Ever since I could read, I wanted to be a writer. Words seemed powerful and magic, and although I wouldn’t have put it this way, I was in awe of the writer/reader relationship. I wanted to introduce total strangers to new worlds, new feelings, new ideas. I also wanted to create books. I loved their physicality, their seeming permanence. But on a less lofty note, I probably started my writing career with a bad poem about autumn that all elementary students are forced to write. I also have a clear memory of writing my own Encyclopedia Brown stories.

I recently reviewed Mary Vermillion’s debut novel Death by Discount for NewPages. The off-beat amateur sleuth adventure is an entertaining and provocative variation on themes, styles, and characters in traditional Golden Age detective fiction. After reading her novel, I did a little sleuthing of my own and tracked the author down (via email) at her Mount Mercy College office where she is associate professor of English. In addition to teaching undergraduates at the prestigious Iowa college, and in addition to being a professional author of detective fiction (with a second novel on the horizon), Ms. Vermillion, a graduate of St. Mary College and University of Iowa, has somehow found time also to write and publish scholarly works on diverse topics ranging from Samuel Richardson to post-feminism. This busy writer-scholar-teacher and I conversed recently during email conversations, and here are the results of those conversations:

 


TIM DAVIS: Before we talk more specifically about Death by Discount, let me begin by asking the conventional opening questions. How did you become a writer? When did you begin?

MARY VERMILLION: That’s a big question. Ever since I could read, I wanted to be a writer.
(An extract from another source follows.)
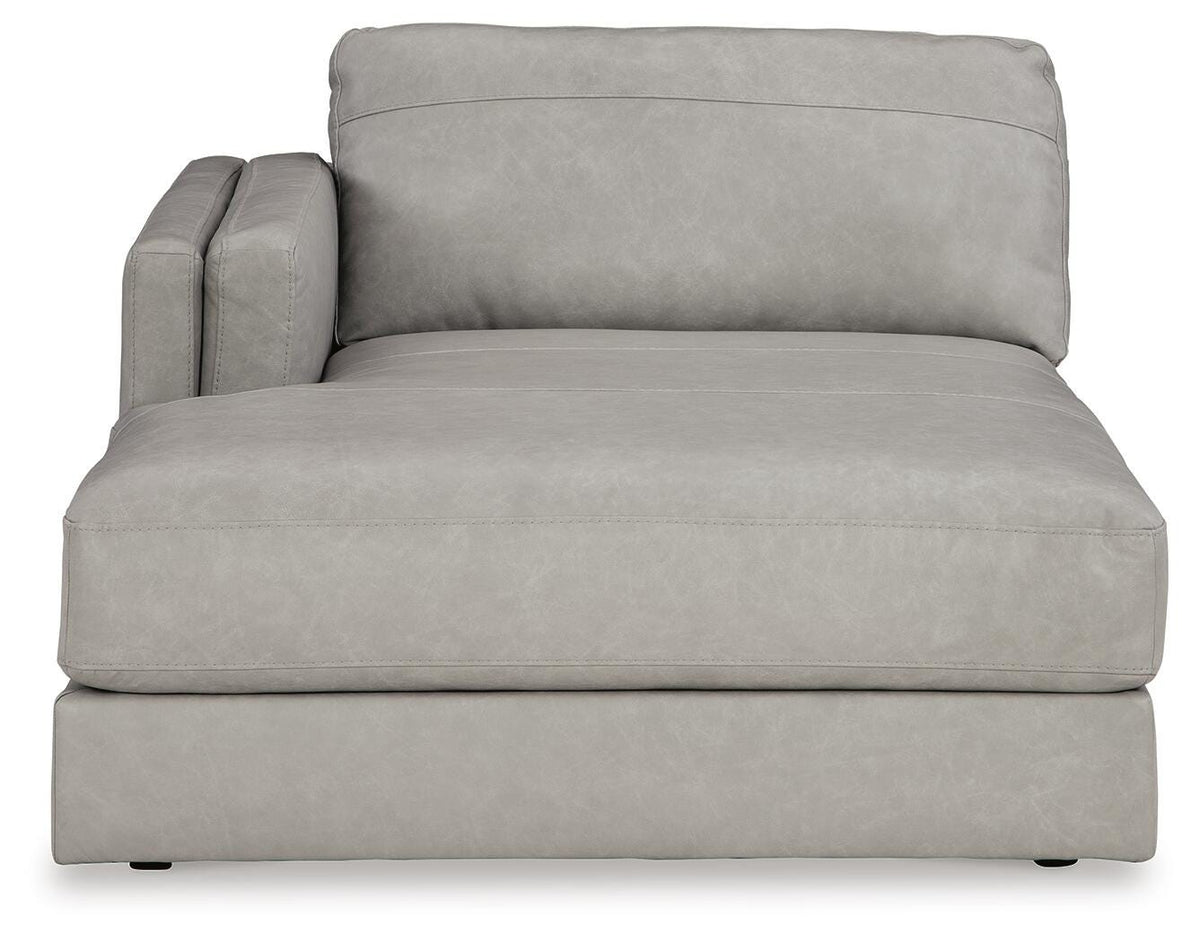 Amiata Sectional - 57404S1 - product view or room setting; complete kit and included component views (supplier image 22)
Words seemed powerful and magic, and although I wouldn’t have put it this way, I was in awe of the writer/reader relationship. I wanted to introduce total strangers to new worlds, new feelings, new ideas. I also wanted to create books. I loved their physicality, their seeming permanence.

But on a less lofty note, I probably started my writing career with a bad poem about autumn that all elementary students are forced to write. I also have a clear memory of writing my own Encyclopedia Brown stories.

In high school, college, and grad school, I took plenty of creative writing courses, and I wrote a whole range of stuff: poems, short stories, essays, science-fiction. I wrote and directed my own play in college. But I was intimidated by the idea of writing a novel even though it has always been my favorite genre (and the one that I focus on in my scholarly writing). My fear faded after I completed my dissertation. Since its length matched most novels’, I developed confidence in my discipline and staying-power. I was also tired of jumping through academic hoops, and I finally figured out that I should write the type of thing that had always brought me the most pleasure as a reader. Writing Death by Discount is the most fun I’ve ever had at the keyboard.

TD: Do you consider yourself now principally a teacher (university professor and writer of scholarly articles) or writer of fiction? What was the path that led you to become a university professor? Are there conflicts (or advantages) with the dual roles?

MV: I see myself as both a teacher and a writer. I’ve always wanted to be both. I see them both as “helping professions.” As a teacher, I help my students develop their knowledge of literature, their thinking and writing skills. As a fiction writer, I “help” my readers by providing them with entertainment, food for thought, and—I hope—some insight about their own lives and world.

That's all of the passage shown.